Court of Appeal endorses collective proceedings for businesses

On 8 March 2024, the Court of Appeal refused applications by Mastercard and Visa for permission to appeal a decision by the Competition Appeal Tribunal (“CAT”) in CICC,[1] confirming that business claims may proceed under the collective proceedings regime rather than as individual claims.


In its judgment of 8 June 2023 in CICC, the CAT refused to certify an application by CICC I and CICC II, the proposed class representatives, (the “PCR”) which seek to bring collective proceedings on behalf of merchants against Mastercard and Visa alleging that certain multilateral interchange fees applied in payment schemes infringed competition law causing financial losses to the merchants.

Certification was refused by the CAT on the basis that the applications were insufficiently focused and the PCR had not advanced a sufficient methodology or analysis on key issues to allow the CAT properly to assess whether the applications were suitable for collective proceedings.  However, it considered that the members of the class might in fact have a claim which was generally well suited to collective proceedings, rather than individual claims, and gave the PCR an opportunity to present revised proposals in order to remedy the defects.  Mastercard and Visa sought to appeal, arguing that the CAT erred in law by holding that individual claims were not more suitable than collective claims.

Mastercard and Visa’s Arguments

The PCR proposed opt-in proceedings for merchants with a turnover of more than £100m and opt-out proceedings for smaller merchants.  Mastercard and Visa argued that the size and sophistication of the class members as well as the value of individual claims was highly relevant to the question of whether collective proceedings were more suitable than individual claims.  They argued that the opt-in class comprised large undertakings and that many of them had substantial claims including around 70 with a claim of at least £3.65 million.  This together with the existence of prior claims that were litigated and settled, demonstrated that individual claims were realistic and viable.  In relation to the opt-out class, which comprised smaller merchants, Mastercard and Visa argued that the ongoing MIF Umbrella Proceedings demonstrates that it is practicable for smaller class members to sue in their own names, in particular by joining the claims of other larger merchants.  Further, they submitted that certification would deprive opt-out class members of their individual freedom of choice to sue and settle in their own right, rather than being corralled into group litigation.


The Court of Appeal refused permission to appeal.  It concluded that the CAT had acted within its legitimate discretion, and made four observations about the breadth of discretion to be accorded to the CAT in matters of case management:

  1. The CAT’s case management decisions are exercises in pragmatism and the CAT has an increasing well of experience in the weighing up exercise relevant to the choice between opt-in and opt-out proceedings. The Court of Appeal will not interfere simply because it might have drawn a different conclusion from the weighing exercise.

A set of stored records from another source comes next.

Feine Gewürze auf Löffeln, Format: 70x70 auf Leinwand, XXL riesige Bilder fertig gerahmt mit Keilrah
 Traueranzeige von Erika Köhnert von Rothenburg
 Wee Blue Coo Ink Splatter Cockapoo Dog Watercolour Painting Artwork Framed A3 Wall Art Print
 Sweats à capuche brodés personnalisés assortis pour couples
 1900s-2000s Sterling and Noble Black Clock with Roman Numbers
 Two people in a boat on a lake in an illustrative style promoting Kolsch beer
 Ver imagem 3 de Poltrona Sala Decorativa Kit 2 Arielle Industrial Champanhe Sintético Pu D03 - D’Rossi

  2. The statutory test for certification requires the CAT to form its own view on the factors relevant to suitability. It is not required to explore every argument raised by the parties.

  3. There is inherent uncertainty in case management decisions of this sort, which require the CAT to “crystal ball gaze” and consider how the litigation will unfold. The CAT is required to use its judgement and experience to take the best decisions that it can based upon the information available to it. It is not a valid criticism to point to alternative solutions and contend that they “would” be preferable.

  4. The statutory test does not attach greater or lesser weight to any particular consideration in the suitability exercise: “For example, it is not the case that because individual natural or legal persons could bring individual proceedings, this is dispositive against collective proceedings”.

The Court concluded that the core matters relevant to the CAT’s discretion are “the procedural benefits and disbenefits of different types of proceedings; the ease with which proposed class members, or subsets thereof, could commence individual proceedings; costs; and the ease and ability of the Tribunal, in the future, to manage and administer the litigation.” The Court reiterated that “this was a judgment by a Tribunal whose task is to handle and administer exceedingly complex litigation raising novel and knotty problems about which the Tribunal has a growing and highly specialised body of experience. This Court will be very slow to interfere with this sort of evaluation”.  In this case, the Court was clear that the CAT acted within its legitimate discretion.

In considering the arguments put forward by Mastercard and Visa, the Court considered that the real motivation in seeking permission to challenge the CAT’s decision was likely to be that Mastercard and Visa considered that individual proceedings would be more difficult to mount and therefore fewer claims would be brought against them.  However, this conclusion “tends to support, not undermine, the analysis of the CAT which pointed out that collective proceedings were a better way of vindicating the claims of the affected merchant class, than individual claims”.


The Court’s judgment is a clear statement of support for the CAT’s broad case management powers, confirming that there is relatively limited scope for case management decisions to be challenged on appeal.  It is also an important endorsement of the collective action regime as suitable for claims by businesses.  


[1]Visa Inc and Others v Commercial and Interregional Card Claims I Limited & Commercial and Interregional Card Claims II Limited; and Mastercard Incorporated and Others v  Commercial and Interregional Card Claims I Limited & Commercial and Interregional Card Claims II Limited; [2024] EWCA Civ 218.